At the beginning of the year, the Rondebosch East school hired a new catering company to serve warm meals and snacks to pupils and staff.
According to Western Cape Education Department (WCED) spokeswoman Bronagh Hammond, the school governing body awarded the tender.
“The vendor has two sites currently operating. The first site is halaal certified. He has also provided information stating where all meat products are purchased from,” she said.
While the caterer had a halaal certificate for a tuck shop at another school, he did not have one for Windsor High, although he had applied for one through the Muslim Judicial Council, she said.

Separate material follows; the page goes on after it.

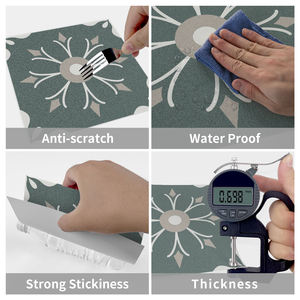 Peel and Stick pavimento impermeabile <span class=keywords><strong>PVC</strong></span> autoadesivo rimovibile adesivi murali 3D <span class=keywords><strong>piastrelle</strong></span> adesivi <span class=keywords><strong>per</strong></span> cucina camera da letto e <span class=keywords><strong>bagno</strong></span> - Product Image 4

According to Ms Hammond, Windsor High notified parents on Sunday April 16 that the tuck shop had no halaal certificate. However, a school letter seen by the Tatler claims the hot food at the tuck shop is “halaal friendly” and that the caterer has a halaal certificate for the other school tuck shop.
The Windsor High tuck shop serves beef burgers, chicken wraps, toasted chicken-mayo sandwiches, vetkoek and fries.

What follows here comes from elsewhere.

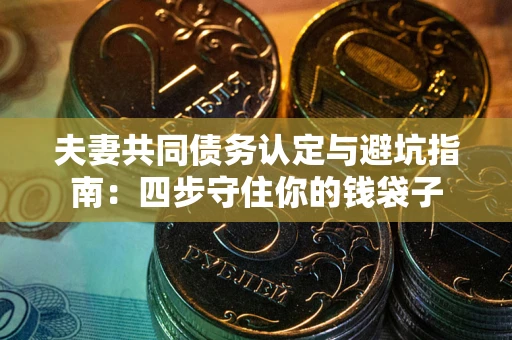 武汉夫妻共同债务认定与避坑指南：四步守住你的钱袋子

Zaakiyah Hartley, who has a son in Grade 9 at the school, said Windsor High should have addressed the matter at the beginning of the year.
She said she had initially heard from other parents that the tuck shop had no halaal certificate, and, in the middle of March, she had visited the tuck shop to buy a cooldrink there. Seeing no certificate in the window, she had asked the tuck-shop staff to produce one and they had been unable to do so.
Maryam Abdurahman, a shariah-compliance auditor for the Muslim Judicial Council Halaal Trust, said they had contacted the tuck-shop owner who had confirmed to them that he had no halaal certification for Windsor High.
Ms Hartley said that when she had raised the issue with principal Dianne Morgan at the end of March, urging her to notify parents immediately, Ms Morgan had told her that the governing body had appointed the tuck shop vendor.
She feels Ms Morgan, as leader of the school, should have done more to address the matter.
“This is a violation of our human rights,” she said.
When approached for comment, Ms Morgan referred the Tatler to the WCED.
Ms Hammond acknowledged that the school’s original advert for the tuck shop contract had not specifically asked for halaal certification.
“Going forward, with all tuck-shop contracts, certification will be asked for, and the school has apologised for the inconvenience caused,” she said.
Ms Hammond said parents were notified, on Monday May 1, that the tuck shop would sell no meat products – only hot chips and vetkoek – while it awaited halaal certification.
A school employee, who did not want to be named, said the tuck shop should have been closed immediately once it was learnt it had no halaal certificate. The matter was not only a Muslim issue but a human rights issue and the school was not handling it as such, the employee said. Another employee said the school leadership should have resolved the issue sooner.
Yuvir Naidoo, the owner of the catering company, Forever One Catering Services, said all concerns raised by the parents were warranted.
“We feel utterly remorseful for not having attained the certificate. We have made it our number one prerogative (sic) going forward.”
Mr Naidoo said they were committed to following all the Muslim Judicial Council Halaal Trust’s requirements to ensure they were fully compliant and they apologised profusely for the inconvenience caused.